## What the task asks:
Examine the material below. Gather every line in which the string "Basket" appears.

## Data:
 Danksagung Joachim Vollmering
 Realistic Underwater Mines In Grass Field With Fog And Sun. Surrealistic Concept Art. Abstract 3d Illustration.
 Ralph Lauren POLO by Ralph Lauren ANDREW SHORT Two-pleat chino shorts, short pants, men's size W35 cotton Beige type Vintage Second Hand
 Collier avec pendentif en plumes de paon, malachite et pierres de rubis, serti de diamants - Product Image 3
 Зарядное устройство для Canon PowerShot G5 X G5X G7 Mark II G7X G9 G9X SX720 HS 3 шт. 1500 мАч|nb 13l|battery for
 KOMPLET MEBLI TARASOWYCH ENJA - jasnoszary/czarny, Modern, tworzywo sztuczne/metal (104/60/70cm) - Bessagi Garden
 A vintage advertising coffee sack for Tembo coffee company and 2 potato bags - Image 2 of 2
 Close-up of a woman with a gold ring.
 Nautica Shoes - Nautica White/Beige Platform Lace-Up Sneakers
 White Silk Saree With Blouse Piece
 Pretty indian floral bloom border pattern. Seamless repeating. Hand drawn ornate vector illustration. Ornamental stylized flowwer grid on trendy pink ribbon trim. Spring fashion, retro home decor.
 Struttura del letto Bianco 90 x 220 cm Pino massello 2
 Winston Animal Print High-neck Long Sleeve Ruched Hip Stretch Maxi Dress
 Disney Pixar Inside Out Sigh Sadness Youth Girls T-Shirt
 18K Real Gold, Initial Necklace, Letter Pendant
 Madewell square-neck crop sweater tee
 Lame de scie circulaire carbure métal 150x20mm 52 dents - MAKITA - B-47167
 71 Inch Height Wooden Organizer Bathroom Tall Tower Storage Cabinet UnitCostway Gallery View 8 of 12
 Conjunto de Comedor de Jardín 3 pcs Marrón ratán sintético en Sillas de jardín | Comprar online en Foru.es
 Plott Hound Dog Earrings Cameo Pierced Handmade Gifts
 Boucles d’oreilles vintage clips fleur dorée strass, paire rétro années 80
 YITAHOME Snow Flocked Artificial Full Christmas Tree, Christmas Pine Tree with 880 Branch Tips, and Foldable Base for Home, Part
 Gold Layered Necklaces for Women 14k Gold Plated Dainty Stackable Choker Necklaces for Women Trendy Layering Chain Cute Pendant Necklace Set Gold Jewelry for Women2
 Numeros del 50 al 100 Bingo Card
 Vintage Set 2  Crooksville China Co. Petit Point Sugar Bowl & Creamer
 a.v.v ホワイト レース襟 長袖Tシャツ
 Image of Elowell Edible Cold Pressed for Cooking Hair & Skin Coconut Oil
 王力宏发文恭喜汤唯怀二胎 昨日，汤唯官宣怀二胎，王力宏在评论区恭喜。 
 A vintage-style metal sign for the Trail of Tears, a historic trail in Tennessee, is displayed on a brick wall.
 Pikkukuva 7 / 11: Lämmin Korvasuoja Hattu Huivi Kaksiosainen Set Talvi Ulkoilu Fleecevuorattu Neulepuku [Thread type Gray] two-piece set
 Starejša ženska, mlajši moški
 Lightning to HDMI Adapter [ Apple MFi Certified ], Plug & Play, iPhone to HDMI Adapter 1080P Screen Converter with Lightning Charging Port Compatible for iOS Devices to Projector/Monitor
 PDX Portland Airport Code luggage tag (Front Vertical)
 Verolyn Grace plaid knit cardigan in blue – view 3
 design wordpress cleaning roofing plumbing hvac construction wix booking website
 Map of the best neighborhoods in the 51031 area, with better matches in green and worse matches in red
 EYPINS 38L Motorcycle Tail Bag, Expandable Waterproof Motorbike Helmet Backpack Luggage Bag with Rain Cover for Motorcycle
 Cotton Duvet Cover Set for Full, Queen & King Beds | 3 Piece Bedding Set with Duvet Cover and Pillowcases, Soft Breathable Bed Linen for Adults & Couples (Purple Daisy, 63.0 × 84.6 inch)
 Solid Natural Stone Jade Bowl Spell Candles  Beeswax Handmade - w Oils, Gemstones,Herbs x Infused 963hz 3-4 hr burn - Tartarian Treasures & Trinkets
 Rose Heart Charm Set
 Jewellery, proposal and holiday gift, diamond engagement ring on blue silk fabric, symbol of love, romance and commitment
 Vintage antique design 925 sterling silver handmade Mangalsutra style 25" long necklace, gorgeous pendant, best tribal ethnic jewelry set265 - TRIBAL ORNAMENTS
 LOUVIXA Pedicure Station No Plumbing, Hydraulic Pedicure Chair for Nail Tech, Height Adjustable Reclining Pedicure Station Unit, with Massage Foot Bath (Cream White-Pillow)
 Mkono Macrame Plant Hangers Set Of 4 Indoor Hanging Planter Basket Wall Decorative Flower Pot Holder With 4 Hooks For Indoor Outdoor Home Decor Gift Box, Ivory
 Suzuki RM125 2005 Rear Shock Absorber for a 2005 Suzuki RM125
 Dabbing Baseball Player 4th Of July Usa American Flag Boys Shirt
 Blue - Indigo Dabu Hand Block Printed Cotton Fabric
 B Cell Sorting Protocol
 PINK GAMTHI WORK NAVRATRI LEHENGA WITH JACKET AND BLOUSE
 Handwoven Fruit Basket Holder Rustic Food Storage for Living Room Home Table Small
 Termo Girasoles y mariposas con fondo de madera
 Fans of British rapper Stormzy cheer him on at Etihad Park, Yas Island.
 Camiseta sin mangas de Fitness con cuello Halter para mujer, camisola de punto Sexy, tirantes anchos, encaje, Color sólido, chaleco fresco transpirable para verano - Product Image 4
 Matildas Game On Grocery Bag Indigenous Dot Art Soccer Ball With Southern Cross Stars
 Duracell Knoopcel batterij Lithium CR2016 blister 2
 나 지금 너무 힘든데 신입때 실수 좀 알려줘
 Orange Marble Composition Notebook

## Answer section:
 Mkono Macrame Plant Hangers Set Of 4 Indoor Hanging Planter Basket Wall Decorative Flower Pot Holder With 4 Hooks For Indoor Outdoor Home Decor Gift Box, Ivory
 Handwoven Fruit Basket Holder Rustic Food Storage for Living Room Home Table Small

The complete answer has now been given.